Ciò significa che dobbiamo attenerci alle spese essenziali e che se lei vorrà dimostrarsi un buon sindaco dovrà farlo presentandosi in Consiglio, quando lo riterrà, e annunziarci che ha ridotto, di quanto lo deciderà lei, il debito comunale. L’interrogazione odierna, dunque, ha una ragione in ciò: che occorre rendere pubblica, perché i cittadini la conoscano al centesimo, l’entità del debito comunale al momento del suo insediamento e il suo ammontare alla data in cui vorrà rispondermi in consiglio. Oggi, invece, sembra voglia far passare il messaggio che le finanze si sono svegliate con lei e che la città sta economicamente bene. Ed è un bel dire che ha trovato alcuni fondi trascurati dalla precedente Amministrazione. Di questo passo, signor Sindaco, la città rischia di fare la figura di quei vivaci imprenditori che costruiscono facendo debiti, che viaggiano col mercedes coupé e, che, dopo aver ostentato distinzione d’abiti, sfarzo d’auto e abbaglio di soldi, sorprendono con un fulmineo fallimento. Signor sindaco, è mio dovere ricordarle che sta gestendo un Comune in dissesto, anche se il dissesto non è stato formalmente dichiarato.

Un’ultima annotazione.

Leggere la lettera con cui si rivolge all’Unicredit di Ragusa e a quella di Palermo, la Business Partner, Tesoreria Enti, mi ha molto allarmata. Colui che l’ha scritta e lei (che se non l’ha scritta l’ha certamente firmata) non ha il suo abituale occhio vivo. E si dibatte tra il tentativo di intimidire e il timore di ricevere un diniego. In breve lei chiede che sia stornata, solo temporaneamente, la somma di tre milioni dal conto 18 che è vincolato, al conto ordinario. E spiega che lo storno è necessario ad «evitare problemi di ordine pubblico e di igiene urbana ed ambientale, e venire incontro ai bisogni sempre più numerosi della cittadinanza». Sembra che Modica sia invasa da un mare di rifiuti per cui occorre armarsi di scopa e disinfettanti.

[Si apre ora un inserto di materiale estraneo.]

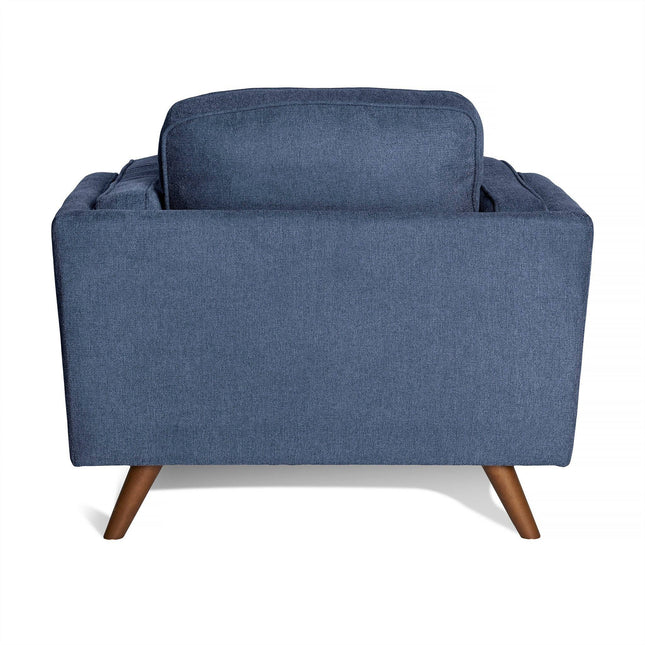 Rear view of the Maddox Chair featuring blue fabric upholstery, wooden legs, and plush cushions against a white background.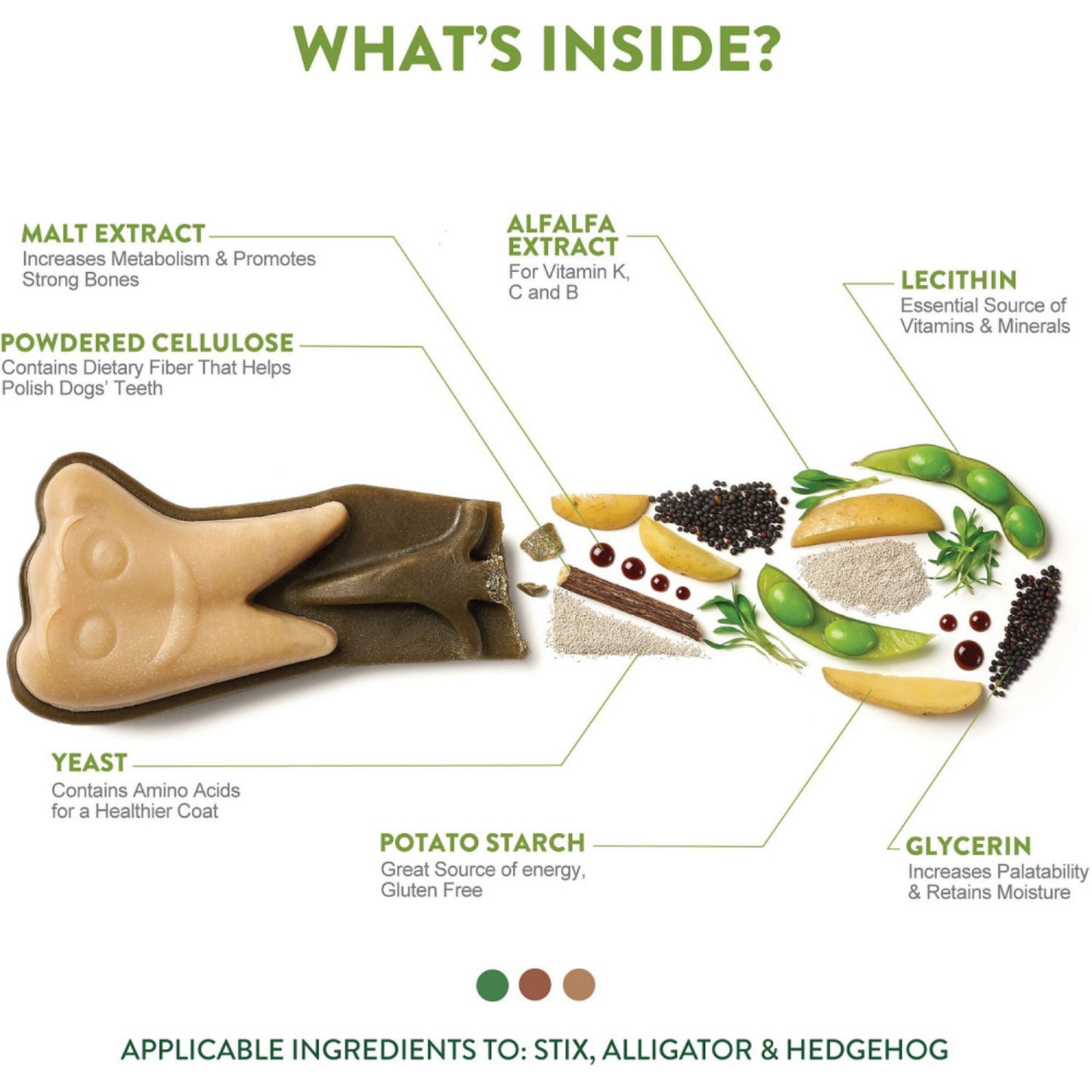 Whimzees Daily Use Brushzees Medium Pack Dental Dog Treats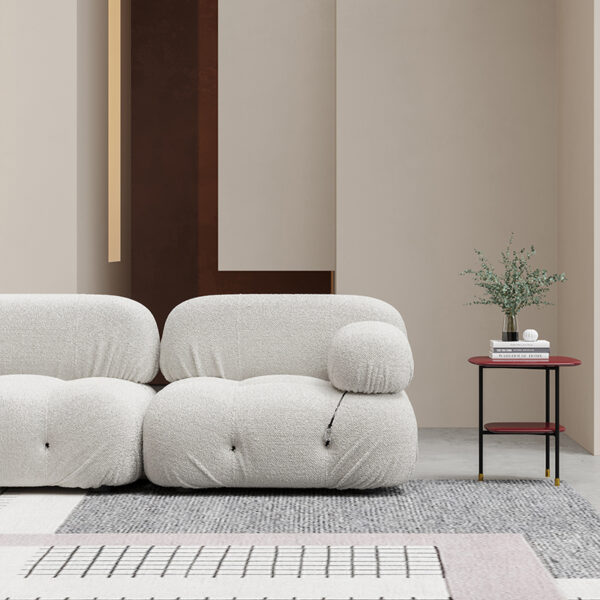 Nordic Fabric Velvet Cloud Cream Combination Sofa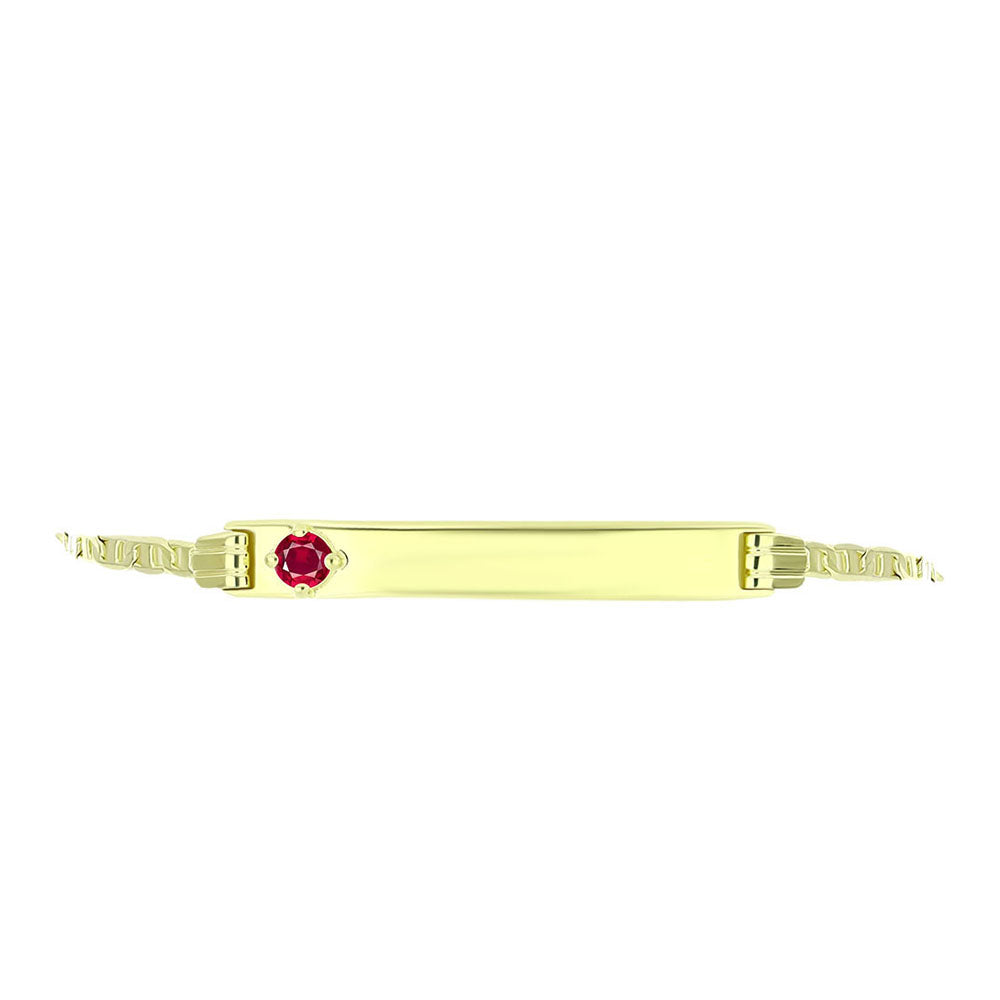 Pulsera de Plata Bañada en Oro con Rubí de Madagascar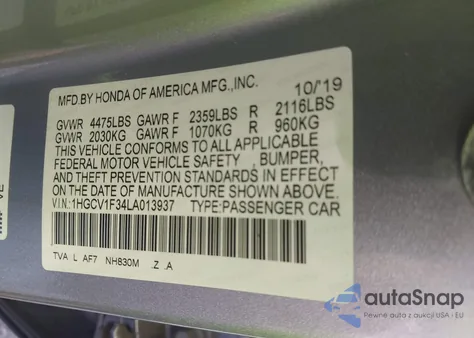 2020 Honda Accord Sport from USA, damaged, VIN 1HGCV1F34LA013937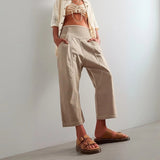 Lucia Smocked-Waist Straight Leg Pants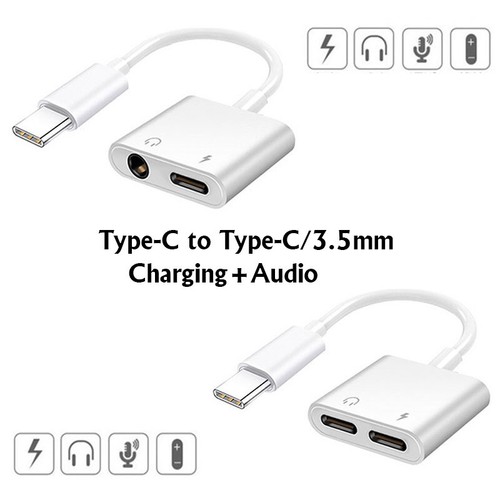 For Samsung S24 S23 Ultra iPhone16 USB-C to 3.5mm Headphone Audio Charge Adapter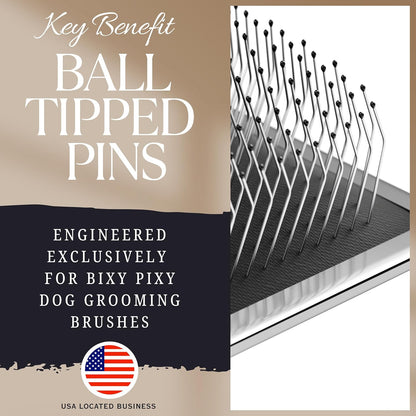 Tiny Slicker Brush for Dogs - Protected Pins for Extra Comfort - 1 inch Pins for Easy Detangling for Long Hair Dog, Cats, Doodle, Goldendoodle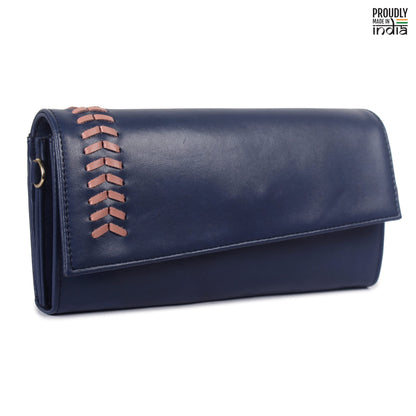 THE CLOWNFISH Myra Collection Womens Wallet Clutch Ladies Purse Sling Bag with Card slots (Navy Blue)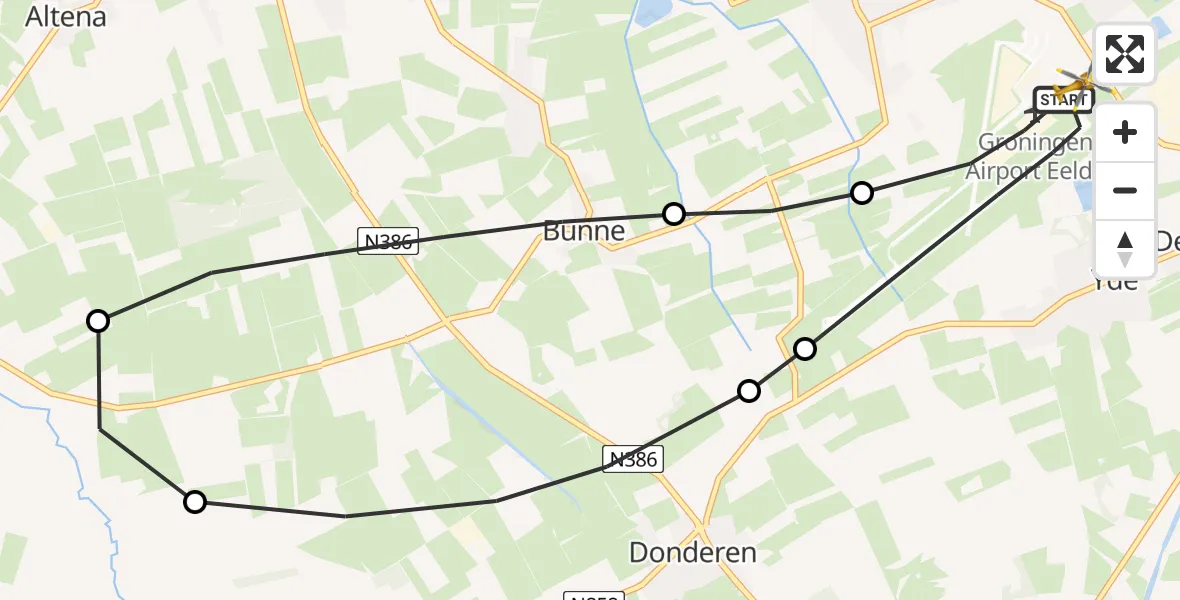 Vluchtroute Traumahelikopter Groningen Airport Eelde - Groningen Airport Eelde, 20 juli 2026, 14:53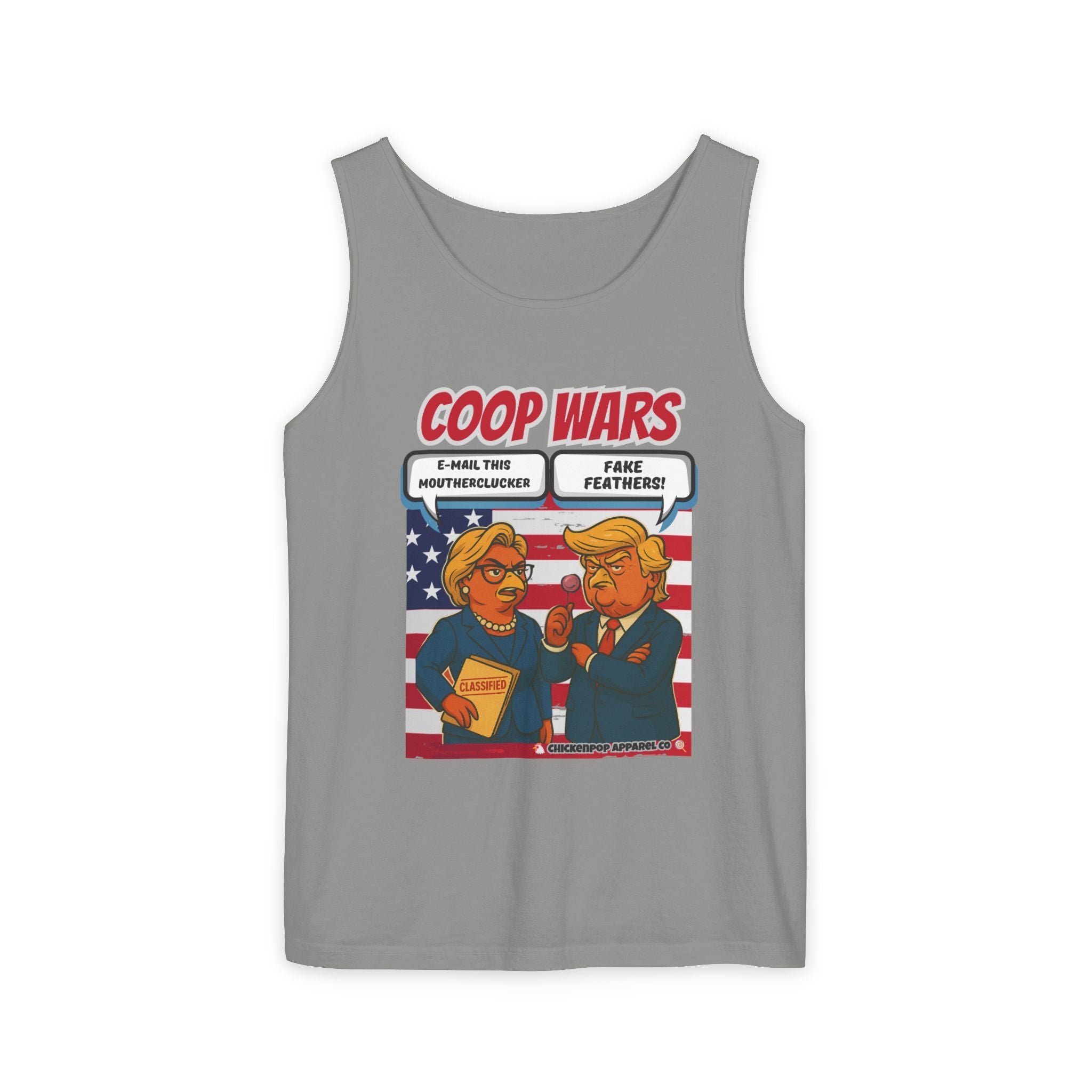 Coop Wars™ Unisex Tank Top – Hilaregg Cluckton vs. Cock-a-Doodle-Don | Political Satire Sleeveless Tee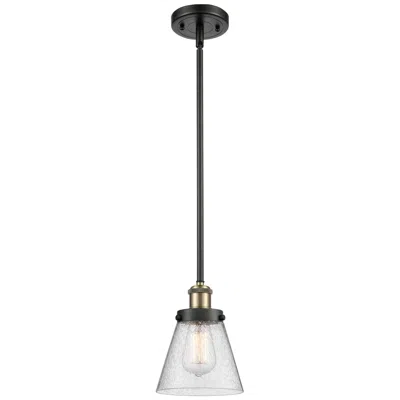 Innovations Lighting Ballston Urban Cone 6" Black Brass Stemmed Mini Pendant W/ Seedy Shade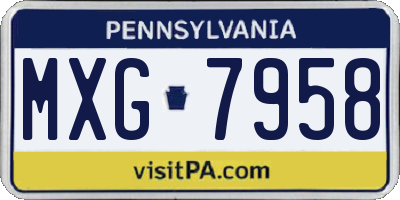 PA license plate MXG7958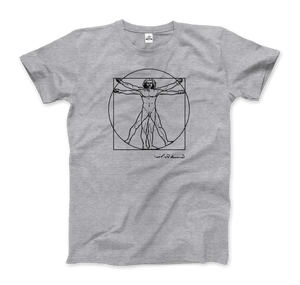 Leonardo Da Vinci Vitruvian Man Sketch T-Shirt - Men / Heather Grey / Small - T-Shirt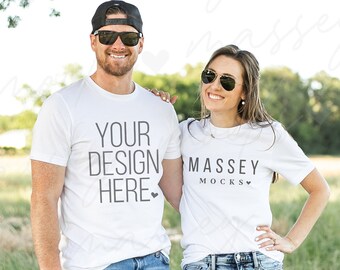 Couple Shirt Mockup: White Bella Canvas 3001 Mockup (Digital Download)
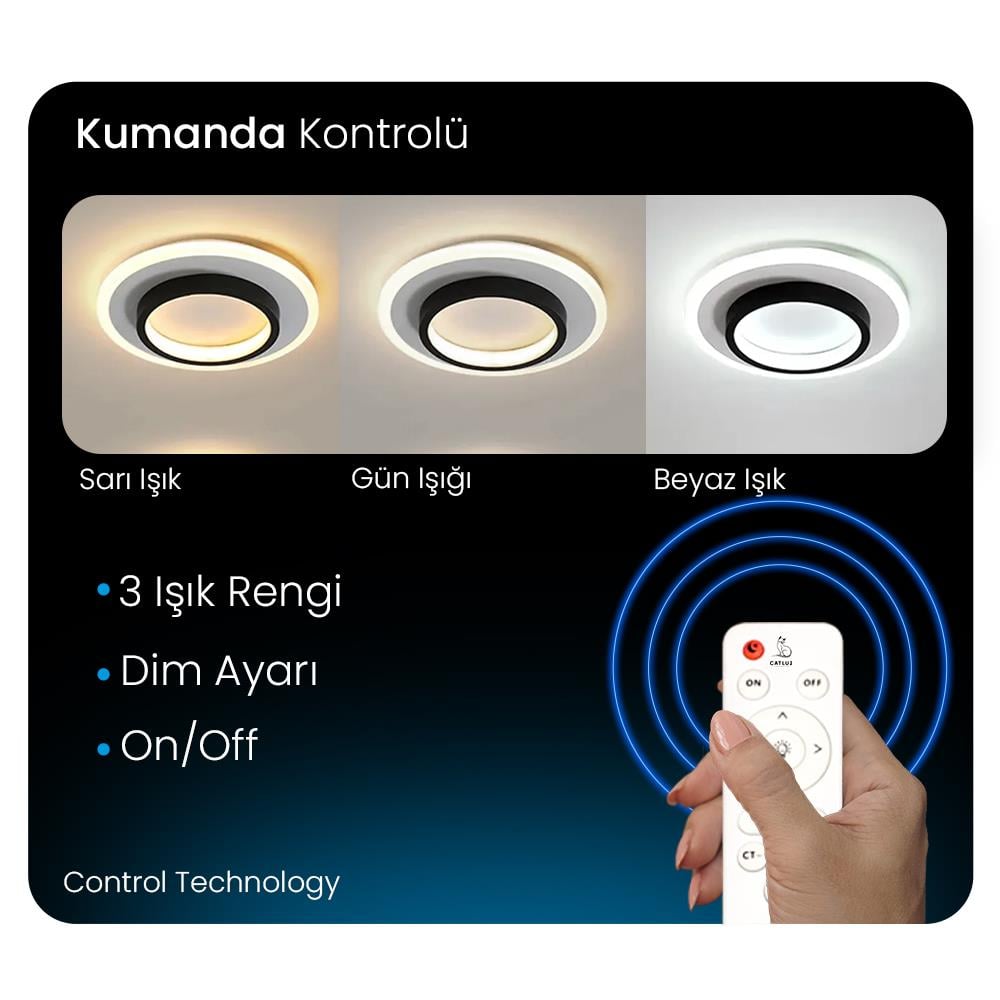 SİYAH YUVARLAK AKRİLİKLİ KARE 3 IŞIK RENKLİ KUMANDALI LED TAVAN LAMBASI MODERN AVİZE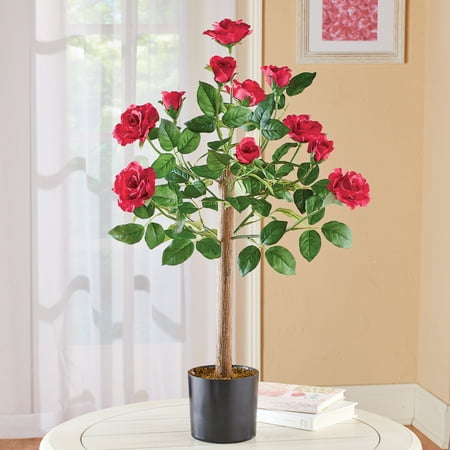 Greenery Trees Flowering Red Rose Tabletop Tree with Adjustable Branches and Rich Greenery, Comes in Classic Black Pot ()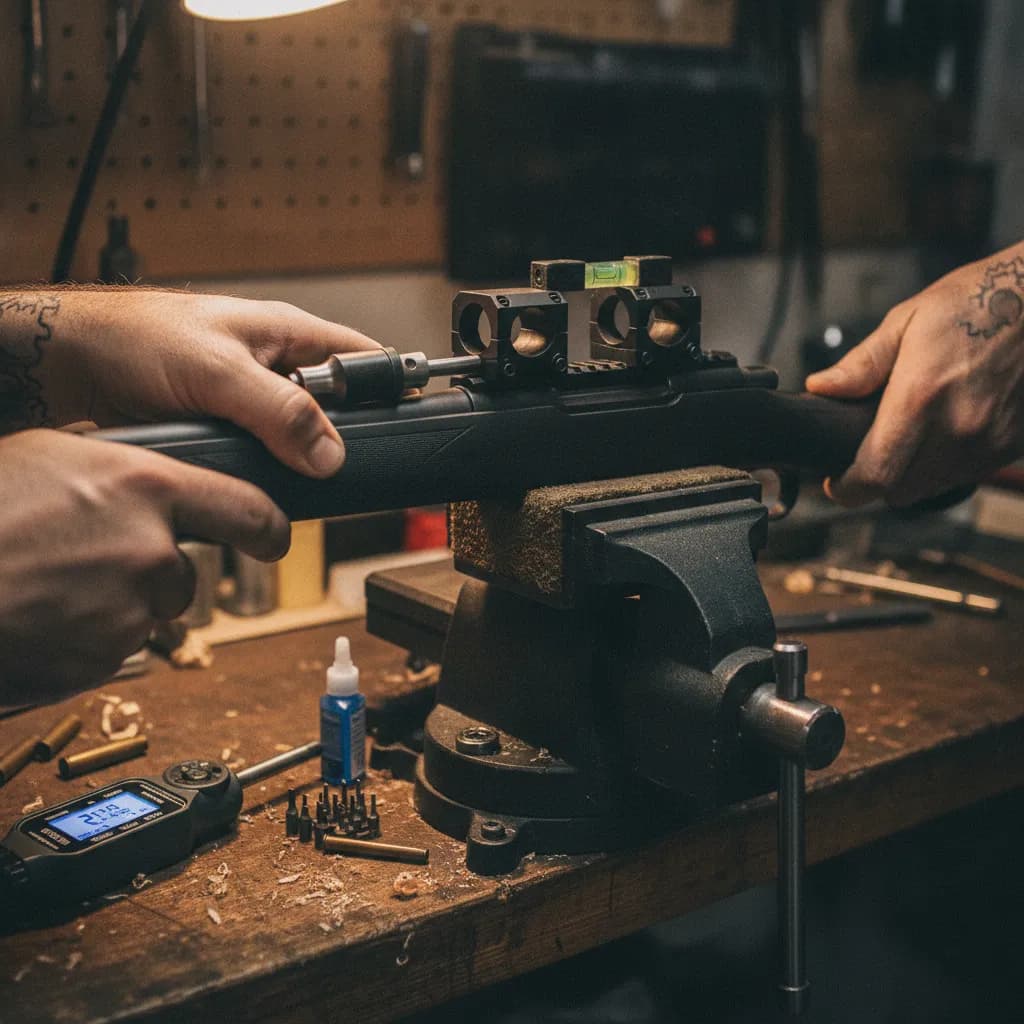 Technician mounting a Nightforce scope onto a rifle receiver in a shop vise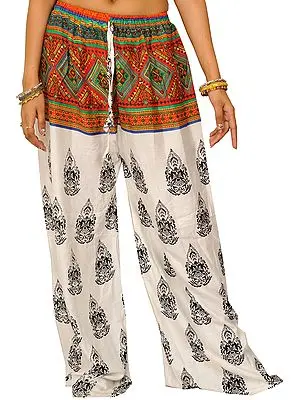 White Bohemian Yoga Trousers with Gautam Buddha Print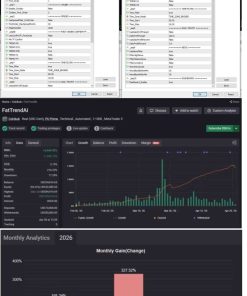collage of FatTrendAI dashboards: software settings windows, trading charts, and a 2026 monthly analytics bar chart with a rising line graph.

Conclude assicurando «che con i primi introiti saranno reintegrate le superiori somme». Tanto accoramento le fa, non esito a dirlo, onore; ma una domanda nasce spontanea: il proprietario dei fondi del conto vincolato n. 18 non è il popolo modicano e lei in quanto suo massimo rappresentante? E allora due sono le interpretazioni possibili di questo suo dire: o il conto è vincolato in virtù della legge 64 del 2013 e, dunque, né lei, né il tesoriere, potete disporre di essi fuori del vincolo di destinazione; o non sono affatto vincolati e, di conseguenza, essendone lei il legittimo titolare, non deve spiegazioni ad alcuno e men che meno al suo tesoriere, il quale deve servirla prestamente e a capo chino. Delle due quale? Vuol dirmelo lei? Vuol farmelo dire dal suo tecnico di fiducia, meglio se con documenti alla mano? E’ gradita una risposta in Consiglio. Le anticipo che sono convinta che i fondi ex D.L. 35/2013 e succ. sono vincolati al pagamento dei debiti verso i soggetti compresi nell’elenco certificato dal MEF. Essi andavano erogati entro un mese dalla data di accreditamento, ossia dal 3 giugno la prima tranche e dal 3 novembre la seconda. Non possono essere utilizzati, né temporaneamente, né con intenzioni morali e costruttive, per altri scopi.

Concludo con un’ultima domanda: considerato che lo svincolo dei 3 milioni è stato effettuato per soli 4 giorni, dal 16 al 20 dicembre, può chiarirmi, esattamente, a cosa sono stati finalizzati?